After writing yesterday, I ran a few rounds through the evening and overnight (god bless NVidia. My GTX1030 finished four rounds of training in that time frame). Unfortunately, I can now confirm that I’ve reached the limit of what I can train with my current method of generating training data.
Some background: Neural Networks, as we currently employ them, simply look at data and tease out patterns. High-quality data will have a strong signal to noise ratio; low-quality data will have a large amount of noise or even anti-signals that might look promising at first but end up leading you astray. The ultimate effectiveness of your neural network, then, is determined by the quality of your training data as much as it is the size and structure of your network.

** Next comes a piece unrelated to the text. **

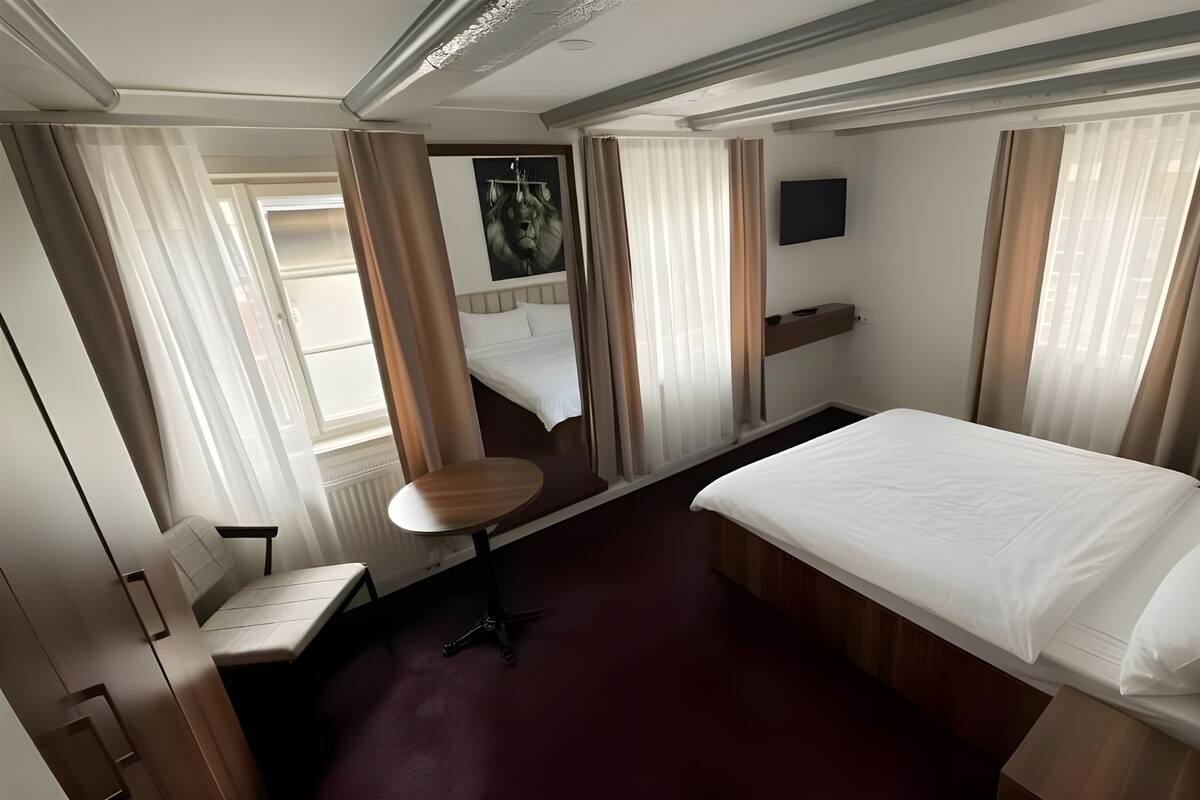 Habitación de hotel con cama, escritorio, silla, televisor y ventana con cortinas.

At first, I was playing my NNs against each other, looking at who won, and using that as the basis for my training. Unfortunately, this proved extremely slow, as the players were roughly analogous to random number generators. So, I bootstrapped the process, by playing the Smart Random Player against itself.
The main idea here is that, by seeing the SRP lose, my networks would learn how to beat it. Sure, it is still essentially a random player, and so there would be a lot of “noise” mixed in there, but I was hoping that the strength of the signal would at least give my NNs a leg up.
And, in fact, it did- for a time. My NNs trained and learned and improved dramatically. Some of them now win as often as 60% of the time against the SRP. The problem is that there is a great deal of variability here; a model that will win 60% of one set of 100 games will, after training for another round, win only 40% of the next set.
There are a couple ways around this… The first, and simplest would be to increase the size of the training set dramatically. The increased noise in the set should cancel itself out (as it’s essentially random), while the increased signal should break through and allow my NNs to continue learning.
The second way around this is to go back to my original method; pick the best few NNs, play a series of games, and look at who won. Specifically, I need to pick out games where the best NNs lost… This will help me select games they can learn from, generating useful training data.